While I made many marks in this book as I read, I was particularly drawn to the chapter on hip selling out. In these days where everything seems to be hip or cool and it is almost impossible to be “different”, I like how Leland acknowledges it is still possible to be hip or “true to yourself” while living in our world today.
Selling out, Ginsberg said, was one of those cornball ideas that people who didn’t have anything to do got hung up on. I wouldn’t have minded doing it if I could find what to sell out to. Geniuses don’t sell out, in the sense that genius bursts the bounds of either selling out or not selling out. When somebody has real inspiration like Dylan, the move to electric is just simply the expansion of his genius into more forms, wilder forms. He’s got that sense of negative capability being able to go all the way in, without necessarily losing himself. Committing himself and at the same time doing it like a poet, landing like the cat with nine lives.

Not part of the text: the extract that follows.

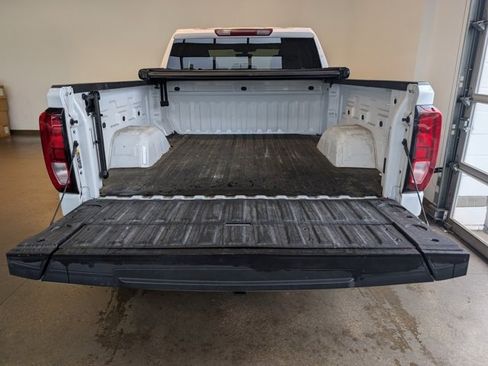 Used 2022 GMC Sierra 1500 Elevation image 5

And this is from an article he quotes by Thomas Frank:
The minions of corporate America, he wrote, are no longer drones in gray flannel suits. “They’re hipper that you can ever hope to be because hip is their official ideology, and they’re always going to be there at the poetry reading to encourage your ‘rebellion’ with a hearty ‘right on, man!’ before you even know they’re in the auditorium. You can’t outrun them, or even stay ahead of them for very long; it’s their racetrack, and that’s them waiting at the finish line to congratulate you on how outrageous your new style is, on how you shocked those stuffy prudes out in the heartland.”
And I think Leland really nails it here:
Hip becomes relevant precisely when it is impure, jumping in the pit with the beast of capitalism – feeding it, resisting it, exploiting it, reshaping it. Co-opting it, even as it is co-opted in return. As students of the civil rights movement have learned, the choice between autonomy and access – between Malcolm X ad Martin Luther King – is a false dichotomy; the only appropriate choice is both. If hip is a measure of enlightenment; it is only reasonable to expect its truths to play out in the marketplace as well – to open avenues of access even as they provide the buffer of autonomy.
In this world of increasing all encompassing “hip”, I think it is important to remember that maybe the best way to be true to yourself is to be in the middle of it all and making sure your voice is loud, truthful, and sincere.